Para Marinete, mãe de Marielle, não é necessário federalizar as investigações. “A gente continua com esperança, se faz necessário que se continue acreditando nesse trabalho que está sendo feito. Se tiver um grupo para averiguar o que deixou de ser feito, sem fazer investigação paralela, seria importante sim. Acho que federalizar o caso não é o momento, eles já estão contribuindo quando necessário. Se for para somar, ótimo, mas federalizar totalmente eu discordo. Mas qualquer contribuição para ajudar é válida”.

Labirinto

Para Renata Neder, ainda há questões não respondidas, que indicam inconsistências, incoerências e contradições no caso. “A avaliação da Anistia Internacional, ao olhar todas essas informações em conjunto, depois de oito meses, é que a investigação do caso parece se encontrar dentro de um labirinto, com uma série de caminhos inexplorados e beco sem saída. Existem muitas informações graves que foram divulgadas publicamente e que depois não tiveram qualquer resposta ou explicação minimamente razoável por parte das autoridades.”

Renata Neder disse que a primeira questão gira em torno dos disparos e da munição utilizada no crime. Segundo as informações, Marielle teria sido atingida por quatro disparos na cabeça, de 13 tiros disparados e a munição calibre 9mm, de uso restrito no Brasil, de um lote da Polícia Federal, que teria sido desviado nos Correios na Paraíba.

Há informações ainda que a munição do mesmo lote foi usada em uma chacina em São Paulo, em agosto de 2015, com 20 vítimas em Osasco e Barueri. A Anistia Internacional questiona se a munição pertence mesmo ao lote, como foi extraviado e por quem, como a munição chegou ao Rio de Janeiro e qual a relação com o grupo de extermínio de São Paulo.

Em relação à arma do crime, as informações iniciais eram que foi utilizada uma pistola 9mm adaptada para fazer disparos em sequência, depois foi citado o uso de uma submetralhadora HK-MP5 com poucas unidades no Brasil (utilizadas pela Polícia Civil e Polícia Militar do Rio de Janeiro).

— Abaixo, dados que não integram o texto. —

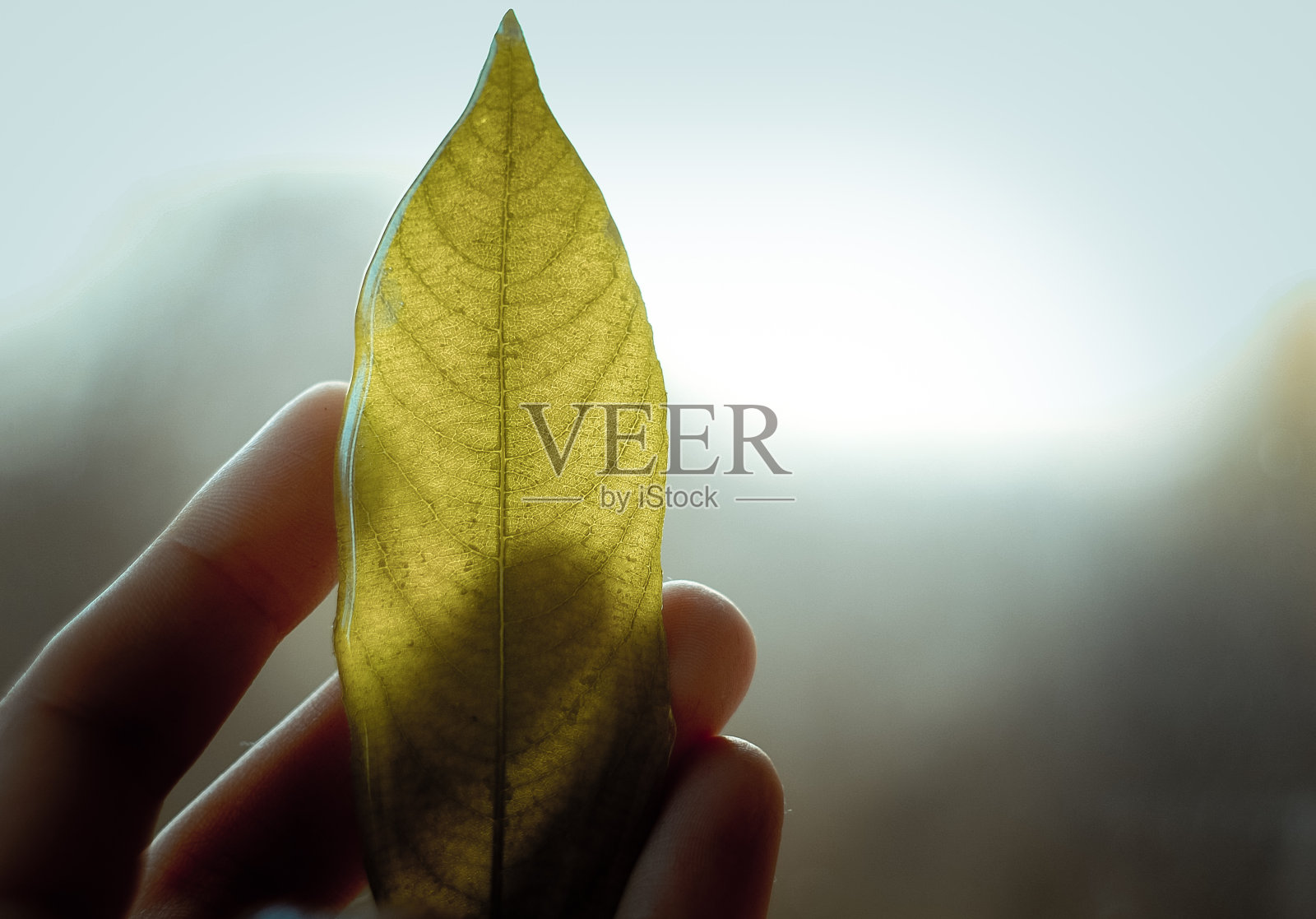 近距离的人持有叶子覆盖环氧树脂概念照片照片摄影图片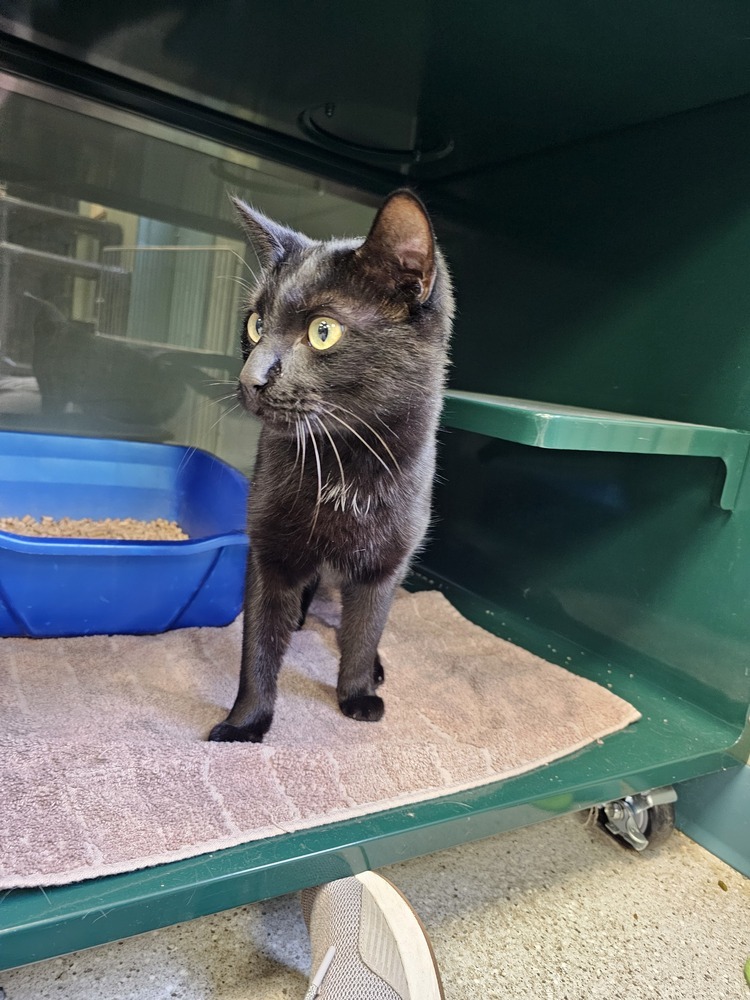 Bonk, an adoptable Domestic Short Hair in Houghton, MI, 49931 | Photo Image 3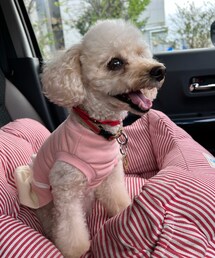 チャコはピンクのリサガスだよ🌸 | ペットウェア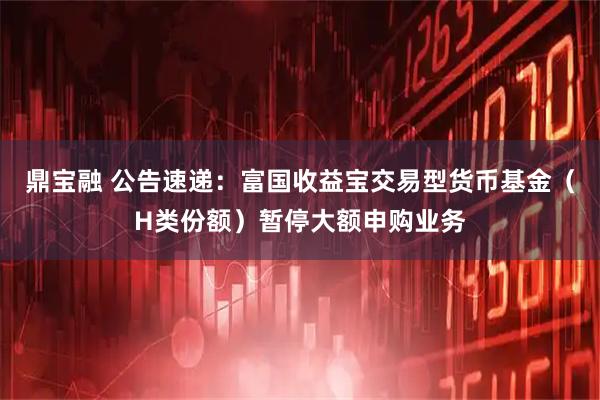 鼎宝融 公告速递：富国收益宝交易型货币基金（H类份额）暂停大额申购业务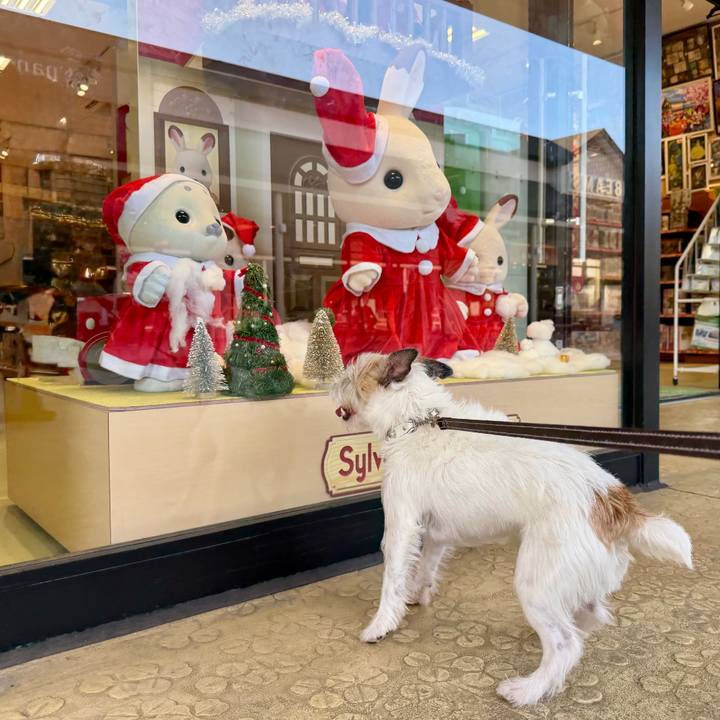 3edf0864 f446 48e2 96cf 7b29e014f4fb 1764682275845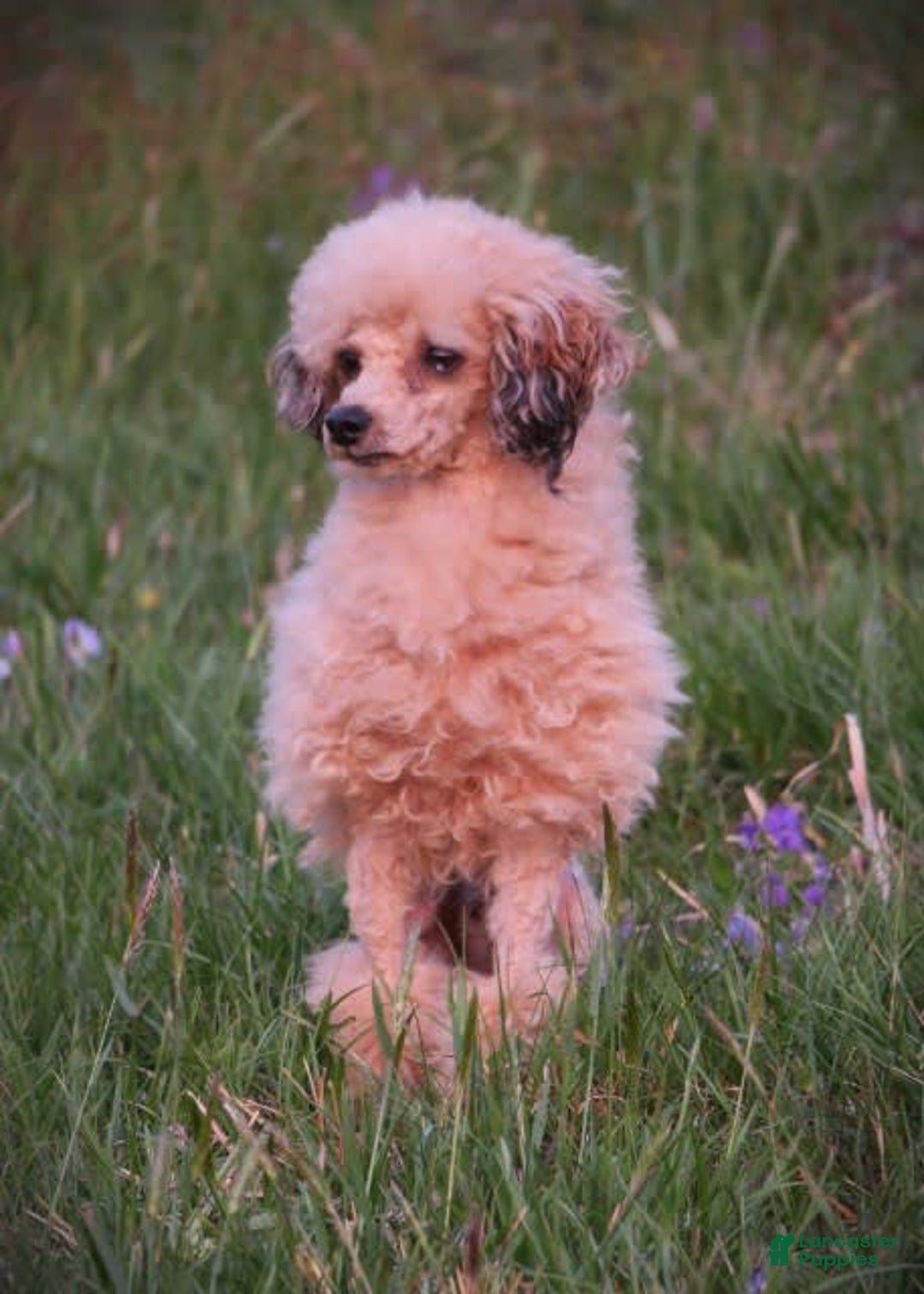 Miniature Poodle dogs for sale: Duff - Image 8
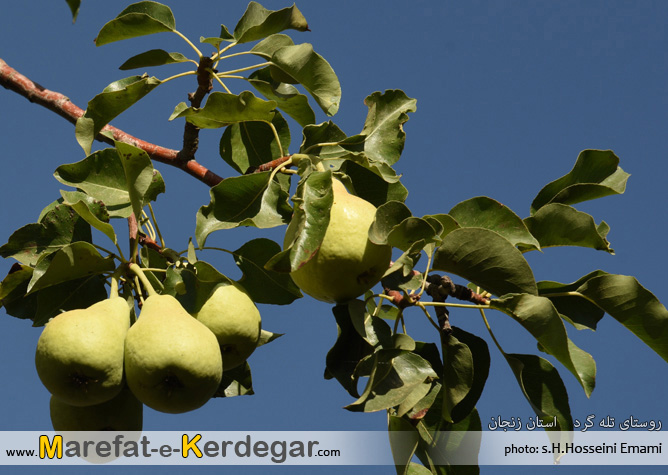 گلابی ایجرود گلابی ایجرود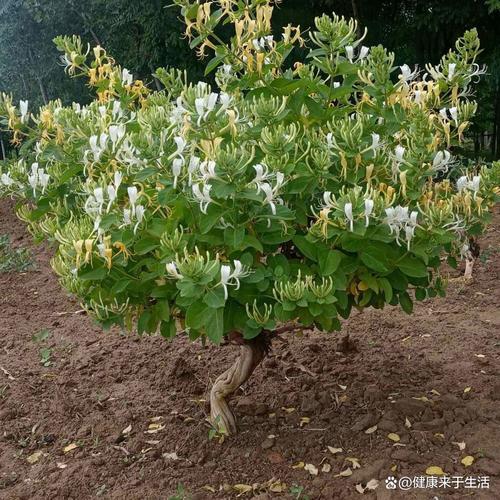 盆栽金银花冬季管理，盆栽金银花冬季如何管理-第6张图片-优品飞百科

Foi denunciado o desaparecimento de cinco armas como esta. A Anistia Internacional questiona como as armas desapareceram, quem são os responsáveis e o que foi feito para aumentar o controle de armas nas instituições do estado.

Questionamentos

A organização não governamental questiona também a forma como foram analisados os carros e aparelhos eletrônicos usados no crime e as câmeras de segurança da cidade, que teriam sido desligadas no local da emboscada no dia anterior.

Nas imagens, um dos suspeitos aparece com um celular, antes de entrar em um carro e fugir. A Anistia Internacional quer saber se o aparelho foi rastreado e se as placas foram clonadas. Também há perguntas sobre o desligamento das câmeras e de onde vieram e para onde foram os carros.

A entidade também levanta dúvidas sobre os procedimentos investigativos, pois os corpos de Marielle e Anderson não teriam passado pelo raio X, conduta padrão em casos de homicídio, sob a justificativa de que não haveria equipamento disponível.

Há, ainda, indicações, segundo a organização, de que o carro onde eles estavam não teriam sido armazenados de forma adequada e policiais militares teriam dispensado as testemunhas oculares que estavam presentes no local do crime, que também não teriam sido ouvidas posteriormente.

Homenagens

Também para marcar os oito meses do assassinato e celebrar o legado e a memória de Marielle, será lançado, às 18h de hoje, na Câmara de Vereadores da cidade, o livro UPP: a favela reduzida a três letras – Uma análise da política de segurança pública do estado do Rio de Janeiro, fruto da dissertação de mestrado de Marielle em Administração Pública na Universidade Federal Fluminense.